Nielsen slid a pair of protective gloves on as he prepared to enter the holding cell. "Our recent discoveries makes it fairly certain." Nielsen went through the secure door and heard the barrier close behind him.

The boy whimpered softly, fear starting to take over. He screamed loudly in protest as Nielsen stabbed the tissue sampler into the child’s bare leg. The results were beamed to those waiting behind the barriers, and then to Nielsen himself. The DNA test was conclusive; child was a pyro, but his inborn talents were likely not to be active until he was older. If the child’s talent were active already, Nielsen would have seen sparks flying already. He patted the screaming infant’s back, glad that his protective suit protected him from both the conventional and unconventional dangers of children as the baby threw up. He carried the child into the main building, eager for the more detailed DNA results.

Laramie took the baby from him and began the more conventional tests. As she weighed the child, she whispered, "He looks so normal." The baby’s squalls died back to whimpers as it took in the nurse’s motherly looking face. Her instant appeal to babies was one reason she had her job in the first place.

"The few whose physical appearance was dramatically warped have never managed to breed. At least, none that we know of."

"Perhaps they’re keeping the strange looking ones to themselves."

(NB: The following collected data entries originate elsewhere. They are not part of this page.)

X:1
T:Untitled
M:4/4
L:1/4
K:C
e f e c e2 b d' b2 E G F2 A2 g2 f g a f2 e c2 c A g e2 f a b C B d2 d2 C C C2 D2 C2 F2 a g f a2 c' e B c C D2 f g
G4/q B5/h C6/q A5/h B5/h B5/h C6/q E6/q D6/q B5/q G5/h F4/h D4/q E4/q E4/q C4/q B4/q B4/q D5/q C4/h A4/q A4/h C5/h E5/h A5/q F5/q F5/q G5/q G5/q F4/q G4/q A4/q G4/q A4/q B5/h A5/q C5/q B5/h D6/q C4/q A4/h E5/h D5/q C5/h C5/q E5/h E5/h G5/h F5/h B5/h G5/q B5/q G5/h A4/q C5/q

"Or the strange looking ones that are born die long before we see them."

"If you don’t go in to find out for certain, how can you come to that conclusion?"

"Because most of the ones doing the breeding look as normal as that child does, at least before their Talents kicked in. That goes for telepaths, telekinetics, and pyrokinetics. None of the teleporters survived the revolt, so we don’t know what the long term physical effects of their use of their abilities would have been. Most of students still looked normal when they rebelled. And everyone wants their children to be like them. In this case, looking normal and having abnormal abilities. Most of my students would have freaked out if their baby looked like one of the freaks."

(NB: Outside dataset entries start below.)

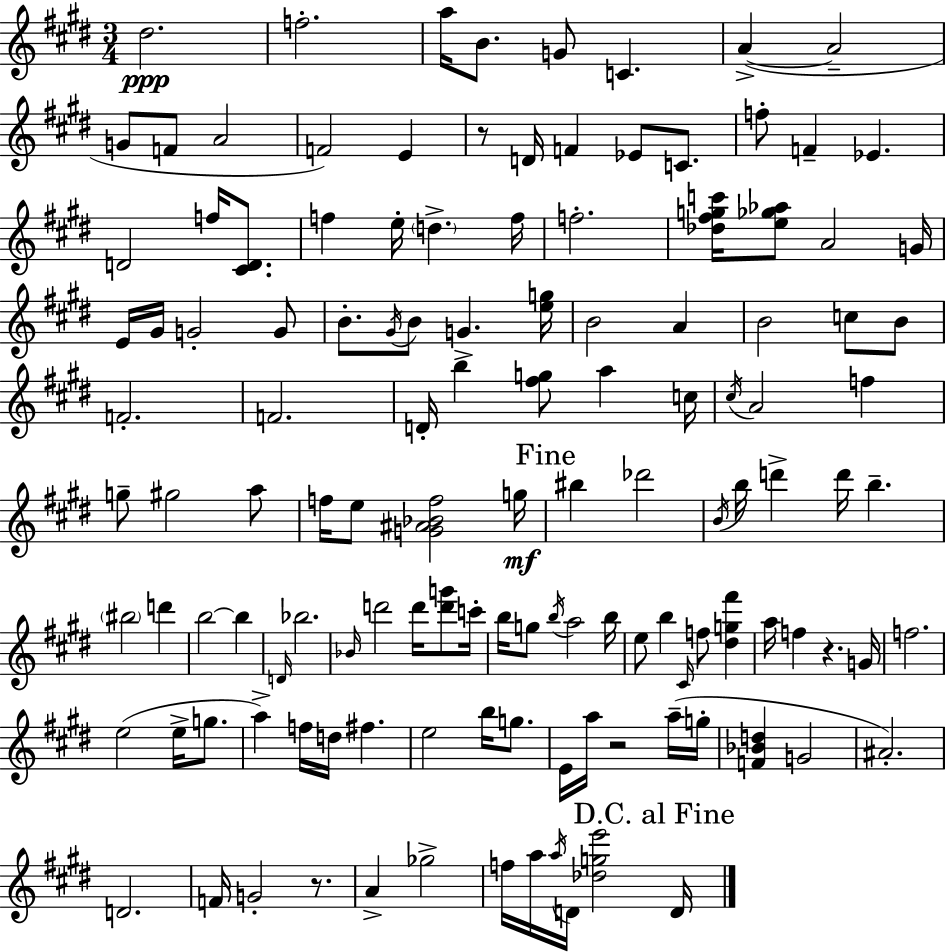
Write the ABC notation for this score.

X:1
T:Untitled
M:3/4
L:1/4
K:E
^d2 f2 a/4 B/2 G/2 C A A2 G/2 F/2 A2 F2 E z/2 D/4 F _E/2 C/2 f/2 F _E D2 f/4 [^CD]/2 f e/4 d f/4 f2 [_d^fgc']/4 [e_g_a]/2 A2 G/4 E/4 ^G/4 G2 G/2 B/2 ^G/4 B/2 G [eg]/4 B2 A B2 c/2 B/2 F2 F2 D/4 b [^fg]/2 a c/4 ^c/4 A2 f g/2 ^g2 a/2 f/4 e/2 [G^A_Bf]2 g/4 ^b _d'2 B/4 b/4 d' d'/4 b ^b2 d' b2 b D/4 _b2 _B/4 d'2 d'/4 [d'g']/2 c'/4 b/4 g/2 b/4 a2 b/4 e/2 b ^C/4 f/2 [^dg^f'] a/4 f z G/4 f2 e2 e/4 g/2 a f/4 d/4 ^f e2 b/4 g/2 E/4 a/4 z2 a/4 g/4 [F_Bd] G2 ^A2 D2 F/4 G2 z/2 A _g2 f/4 a/4 a/4 D/4 [_dge']2 D/4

"How do you know it is your students having the breeding?"

"The DNA tests tell us who the parents are."

"You could have freaks having normal looking children who change with time –"

"We have all the DNA tests of the first generation. We made them, remember? The only unknowns are what natural genetic recombination will do."

"There could still be freaks out there."

"Oh, certainly. They had the strongest abilities, and hence were the most valuable in the revolt. They were the most likely to join as well as to stay in it. And the least likely to try to reconcile, since they were always the outcasts. The guestimate says a few dozen of the extreme ones are still alive."

"Unless they’re buried in anonymous graves out in that wilderness by the normal looking ones," Laramie replied.

"I thought you were sticking to the worst case scenario," Nielsen retorted.

"I just can’t imagine the freaks and the normal looking ones still sticking together. There were personality clashes in the revolt –"

"And the ones who wanted to reconcile were allowed to come back – and then promptly incarcerated and sterilized. The die-hard fanatics are the ones who stayed out there. The ones who thought of themselves as more human than not mostly tried to rejoin humans. The ones who thought of themselves as talents first and partly human secondarily usually saw the freaks as more evolved or mere versions of themselves. The ones who went out there and stayed out there see themselves and the freaks as one kind. It’s hard to imagine, but the psyche profiles make it the most likely scenario."

"I can’t imagine it," Laramie muttered as she slipped a diaper on the baby.

"That child’s parents chose to go out there. That child’s parents chose to stay out there. That’s what they most likely think, based on the psyche profile."

"That child’s parents also chose to abandon it at the way station here. What do you think they think about that?"

"A lot of pyro kids in the Project burned themselves up after their talent started manifesting. More of them caused major accidents while learning to control their abilities. The parents probably panicked when they realized they had a pyro on their hands and decided to leave it here before it got them or anyone else killed."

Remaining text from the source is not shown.